On another note, the assumption that an Unfriendly AGI will simply dominate as soon as it is unleashed is based on a faulty expectation that every decision it makes will be correct and every action it takes successful.  The reality is, even the superhuman level poker AI that currently exists cannot win every match reliably.  This is because poker is a game with luck and hidden information.  The real world isn’t a game of perfect information like chess or go.  It’s much more like poker.  Even a far superior superintelligence can at best play the probabilities, and occasionally, will fail to succeed, even if their strategy is perfectly optimal.  Sometimes the cards are such that you cannot win that round.

Even in chess, no amount of intelligence will allow a player with only one pawn to defeat a competent player who has eight queens. “It is possible to play perfectly, make no mistakes, and still lose.”

Superintelligence is not magic.  It won’t make impossible things happen.  It is merely a powerful advantage, one that will lead to domination if given sufficient opportunities.  But it’s not a guarantee of success.  One mistake, caused by a missing piece of data for instance, could be fatal if that data is that there is an off switch.

We probably can’t rely on that particular strategy forever, but it can perhaps buy us some time.  The massive language models in some ways resemble Oracles rather than Genies or Sovereigns.  Their training objective is essentially to predict the future text given previous text.  We can probably create a fairly decent Oracle, to help us figure out alignment, since we probably need something smarter than us to solve it.  At least, it could be worth asking, given that that is the direction we seem to be headed in anyway.

Hope In Uncertain Times

Ultimately, most predictions about the future are wrong. Even the best forecasters have odds close to chance.

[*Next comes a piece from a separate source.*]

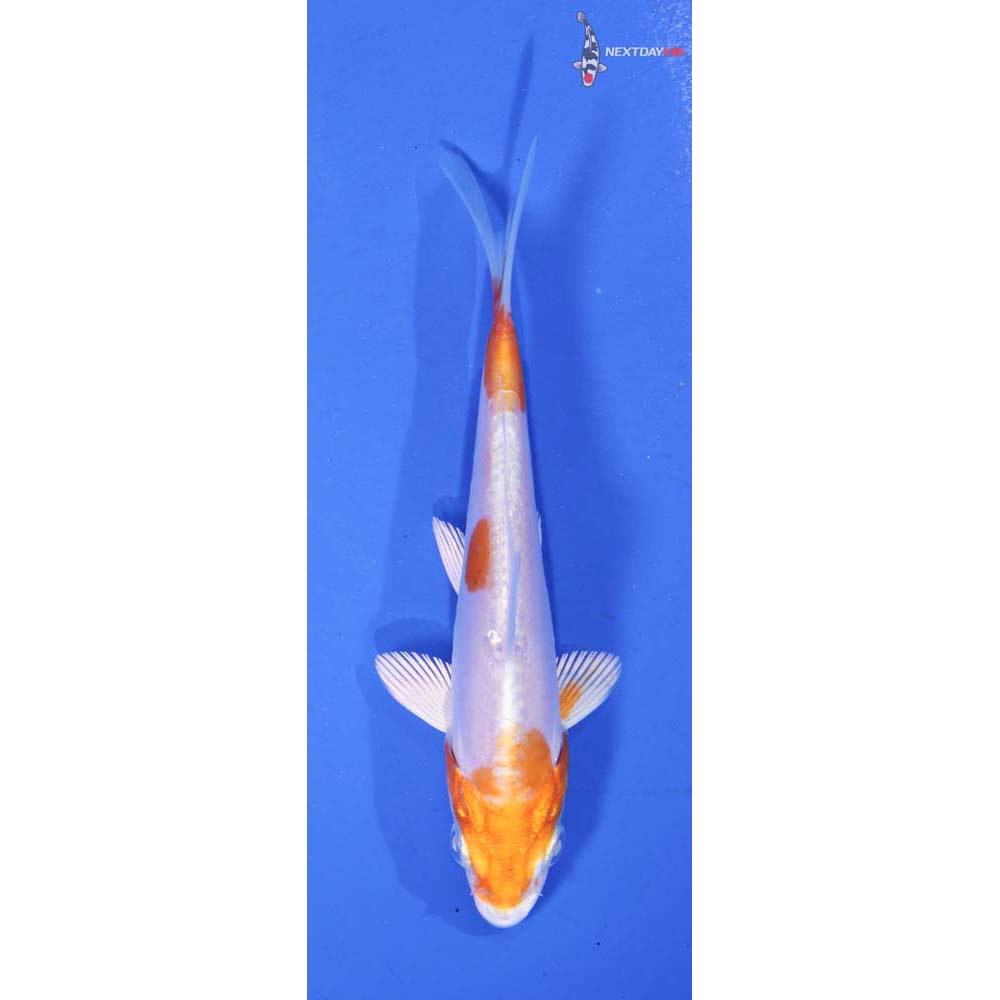 4” Imported Kikusui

The odds of Eliezer Yudkowsky being an exception to the rule, is pretty low given the base rate of successful predictions by anyone.  I personally have a rule.  If you can imagine it, it probably won’t actually happen that way.  A uniform distribution on all the possibilities suggests that you’ll be wrong more often than right, and the principle of maximum entropy generally suggests that the uniform distribution is your most reliable prior given high degrees of uncertainty, meaning that the odds of any prediction will be at most 50% and usually much less, decreasing dramatically as the number of possibilities expands.

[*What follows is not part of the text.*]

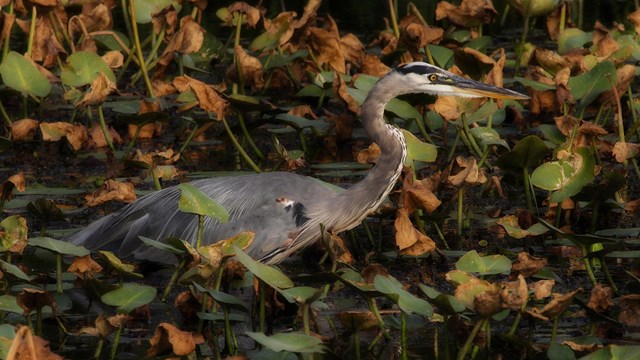 A great blue heron wades through water lilies in a wetland.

This obviously limits the powers of our hypothetical Oracle too.  But the silver lining is that we can consider the benefit of the doubt.  Uncertainty in the space of possible futures is truly staggering.  So perhaps, there is room to hope.

Conclusion

The reality is that all our efforts to calculate P(Doom) are at best, educated guesswork. While there are substantive reasons to be worried, I offer some arguments for why things may not be as bad as we think. The goal here is not to provide a technical means to achieve alignment, but to suggest that, first, alignment may not be as difficult as feared, and second, that there are underappreciated game theoretic reasons for alignment to be possible, not just with a superintelligent AGI we construct, but with any superintelligence in the multiverse.